-- Information shown --
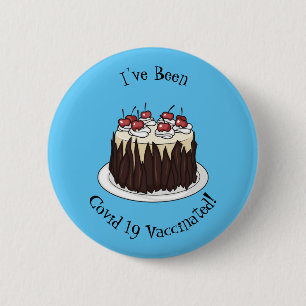 Black Forest cake cartoon illustration 2 Inch Round Button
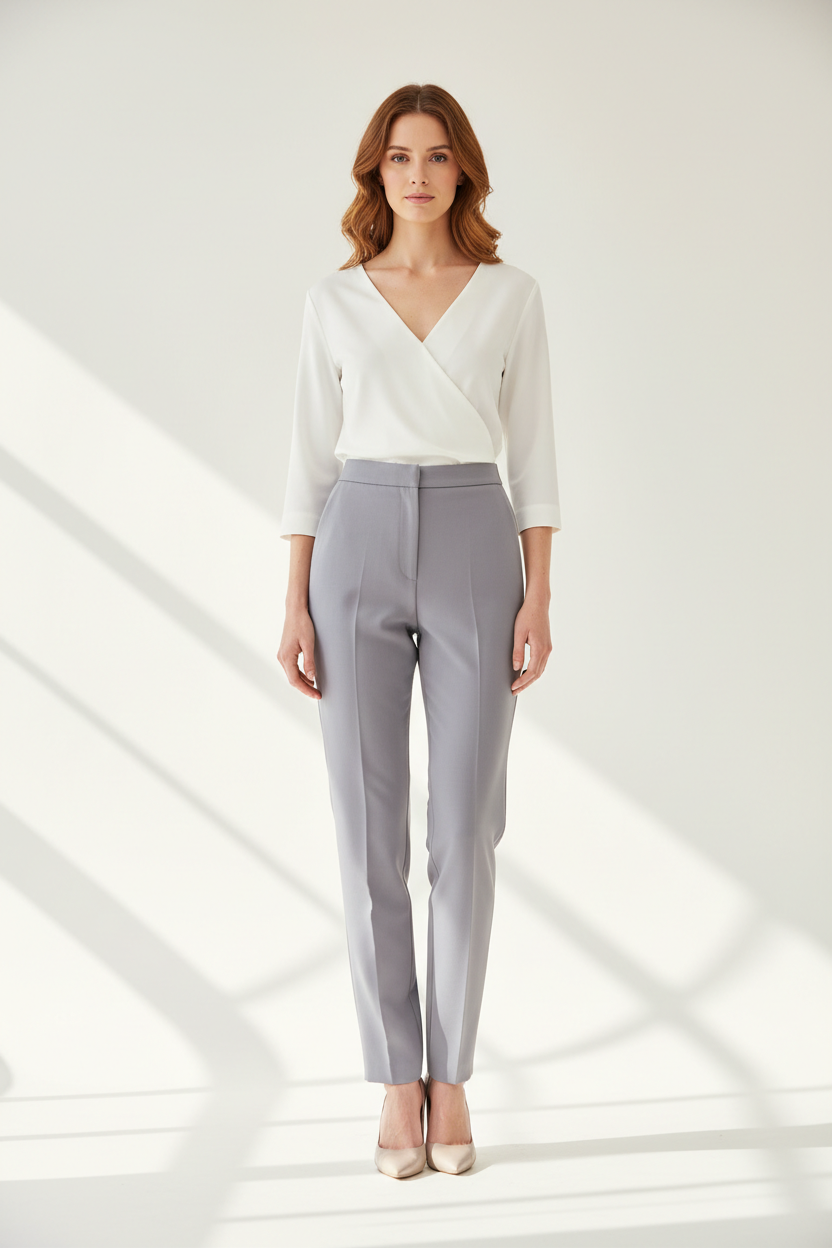 Premium Women's Tailored Straight-Leg Pants in Soft Grey - Front View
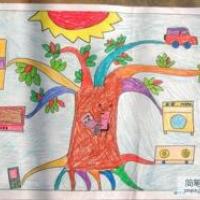 儿童科技创新大赛科幻画作品：大树太阳能充电器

-- Task brief --
The whole listing is to be duplicated verbatim, apart from its images.

-- Written reply --
 Black Forest cake cartoon illustration 2 Inch Round Button
 Premium Women's Tailored Straight-Leg Pants in Soft Grey - Front View
 儿童科技创新大赛科幻画作品：大树太阳能充电器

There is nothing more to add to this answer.